WRITERS AND HISTORIANS HAVE CONTRASTING VIEWS ON ACADIANS AND THE DYKELANDS (September 20/22)

In an unpublished paper about building the Wellington Dyke on the Canard River, Brent Fox speculates that the dyke-building expertise of the Acadians possibly could have Dutch origins.

“The people of the Netherlands have been noted for [dyke-building] for many centuries,” Fox wrote. “In an indirect manner, it is possible that [centuries ago] the Dutch provided the special knowledge that helped convert the marsh and tidal lake areas of present-day Kings County into… valuable agricultural land.”

 In various papers I’ve read on the Acadians and dyke-building I’ve never found any references to historic Dutch connections. We could assume that Fox was speculating about this connection, but he may not have been. Further on he writes that in the 16th century, “Dutch engineers were brought into France to oversee massive dyking projects.”

While bringing up a possible Dutch connection with Acadian dyking, Fox compiled a detailed history of building the Wellington Dyke. Completed in 1825, Wellington Dyke was the culmination of generations of dike building on the Canard River, first by the Acadians, then by the Planters and their descendants.

There are more than a few contrasting views on the dyke lands the Acadians struggled for generations to create. For example, Fox observes that the Acadian works on the Canard River – the cross-dykes and aboiteaux – strangely have been ignored while the “running dyke systems of Grand Pre have become well-known.” Another observation by Fox puts the dyking works on the Canard River system in perspective: “While having only the most primitive tools… these simple rural folks of the Canard River district succeeded in winning from the sea over two thousand acres of prime farmland, changing forever the geography of the river and the precious land along it.”

Writing in the book, Sods, Soil and Spades, J. Sherman Bleakney observes that where feasible, “the Acadians preferred to farm tidal marshes rather than clear tracts of the forested uplands.” Bleakney doesn’t mention any Dutch connection with Acadian dyking. However, he suggests that dyking techniques used by the Romans were adopted by the Acadians. Bleakney writes that “two thousand years later (following the Roman period) the Acadians were using… Roman construction techniques to build their own dyke walls and sluice boxes.”

In 1765, settlers who had taken up land in Kings and Hants County left vacant by the removal of the Acadians, found they were almost helpless at first in repairing and maintaining the dykes. With this realization came a petition to the government that the “french accaddians (sic) who have been hitherto stationed in this county” be used in the making and repairing of dykes. The petitioners, many of them leading citizens in Hants County and Kings County, conceded that without “their further assistance many of us cannot continue our improvements, nor plough, nor sow our lands, nor finish the dyking still required to secure our lands from salt water.”

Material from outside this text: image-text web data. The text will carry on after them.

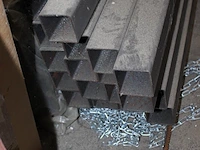 Ruim 60 metalen kokers 60 x 60 mm en lengte 600 cm. - afbeelding 2 van  4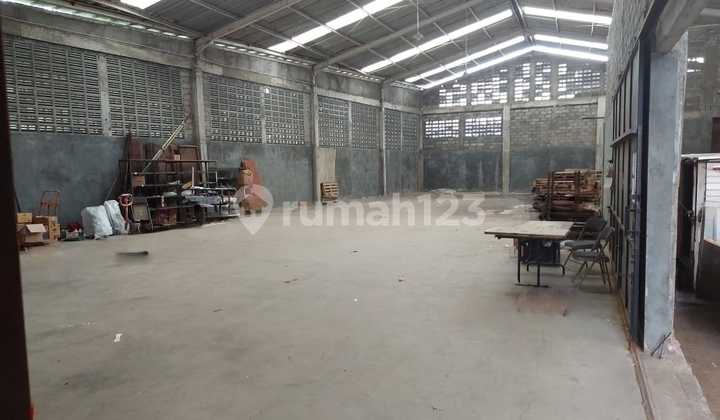 Gudang dan Ruko Strategis Di Jalan Raya Salatiga Kab Semarang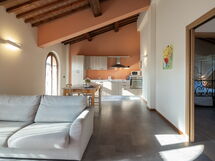 Accommodation:&nbsp;Loto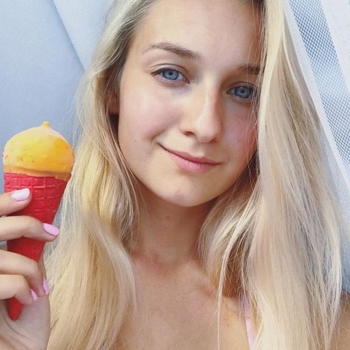 Iceque, vrouw (21 jaar) wilt contact in Limburg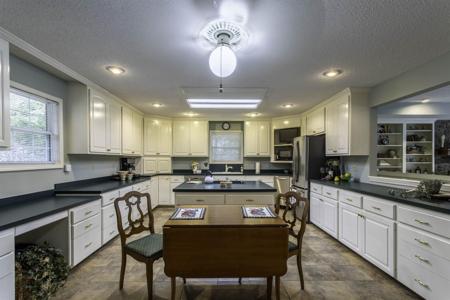 28 N Lakeshore Drive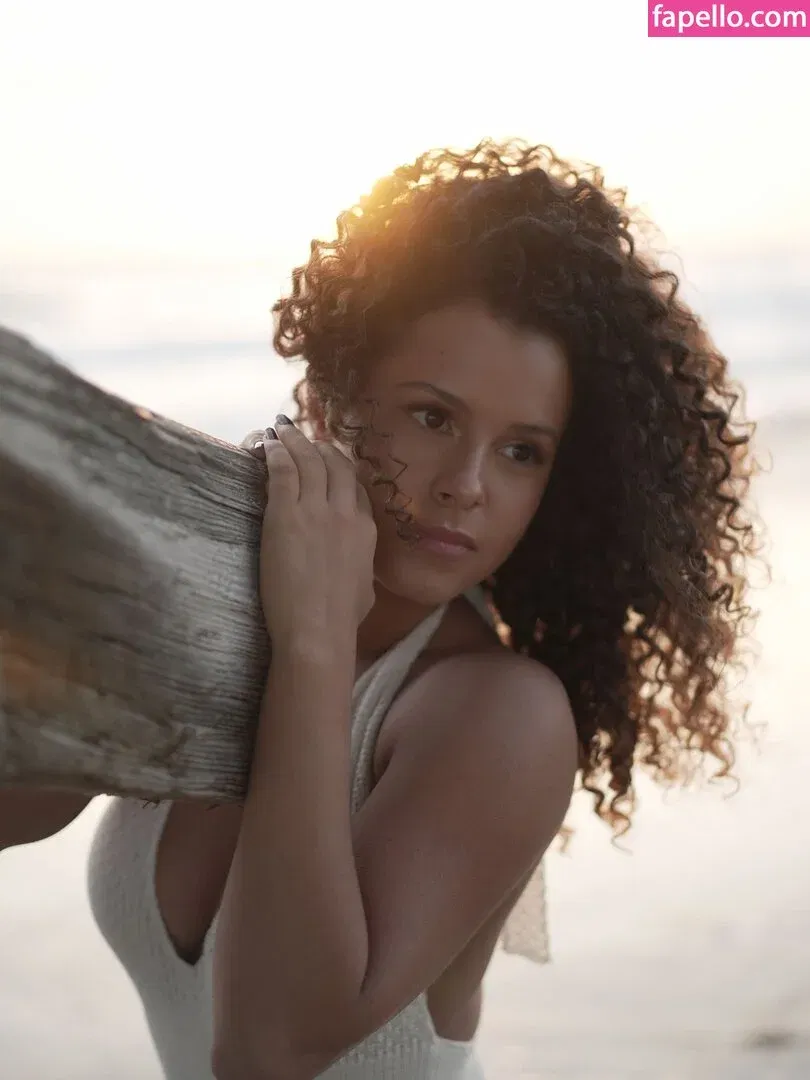 Gabriella Saraivah Onlyfans Photo Gallery 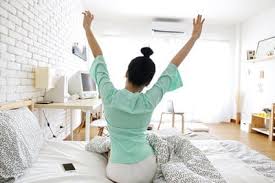 sleeping without using an air conditioner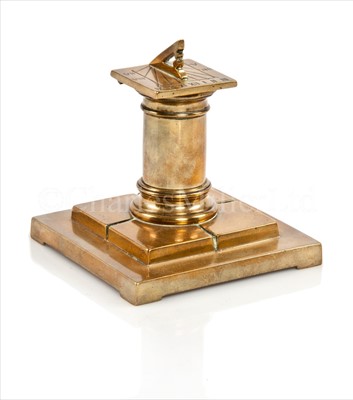 Lot 166 - AN EARLY 20TH CENTURY SUNDIAL INKWELL<br/>modelled...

In his history of Windsor, L. S. Loomer writes that the Acadian prisoners at Fort Edward were used even earlier than the year the petition was presented to the government. “In the autumn of 1759 a tremendous storm… had broken many of the dykes that had not been repaired since 1755. The initial expertise in their repair was Acadian, and it took a while before the New Englanders and Irishmen got the hang of it. By spring of 1762 there were Acadians employed by the new proprietors in Pesegitk, Falmouth, and Newport.”

To close off, here are two observations about the Acadians and dyking by J. Sherman Bleakney. In the book mentioned above, Bleakney writes that “after 350 million years of preparation (by geological forces) the Great Meadow (Grand Pre) was visited by the French, and there began a labour and love affair with the land that has only intensified over time.” Introducing his chapter on dyke construction at Grand Pre, Bleakney asks the readers to “envisage the first group of Acadians to arrive at the Grand Pre meadows, watching as tidal waters flooded the creeks, realizing that here were 3,000 acres of flat land (with) neither trees nor rocks to remove, and a drainage ditch system thousands of years old. All that was needed was a sea-excluding wall, easily constructed from an on-site sod quarry, the marsh itself.”